If you go for multi-tuner capability, read the fine print. Some have two tuners that each are fully capable and share one cable TV input connection. Some have two tuners that each have different capabilities, so that only one can handle cable TV, and the other can only handle signals from an antenna feeding in OTA signals. Be aware that the signal systems for current digital TV from OTA stations and from cable systems are different, so different tuner capabilities are needed for them, but the tuner makers have designed for this.

The tuners able to handle scrambled premium channel and Pay TV signals on a cable system are just beginning to arrive. For a while the transition systems could actually decode some of the scrambled channels on cable for free if you had a tuner card in your computer, but that is about to end with new coding and decoding standards.

For simply watching a DVD or a copy of it on a hard drive, you do NOT need a tuner card. Most of the work for this task is done by your video card and CPU. In fact, even HD playback from a Blu-Ray disk does not need super-powerful video card capability.
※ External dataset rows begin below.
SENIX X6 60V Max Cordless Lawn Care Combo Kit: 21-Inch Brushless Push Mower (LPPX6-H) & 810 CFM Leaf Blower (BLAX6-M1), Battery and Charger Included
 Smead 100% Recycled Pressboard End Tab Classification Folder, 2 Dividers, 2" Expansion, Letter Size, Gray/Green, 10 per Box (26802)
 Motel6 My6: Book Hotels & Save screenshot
However, capturing video from cable with a tuner, especially if you are doing it in the background while working on something else, does require a reasonably powerful CPU, and almost certainly a multi-core CPU with appropriate modern OS and application software. That's why False_Dmitry_II recommended a minimum Athlon II X2 CPU. I would bet he / she pointed at AMD systems because they are powerful enough for the job but typically cheaper than Intel-based systems, even if you go higher in the AMD line for 3- or 4-core CPU's.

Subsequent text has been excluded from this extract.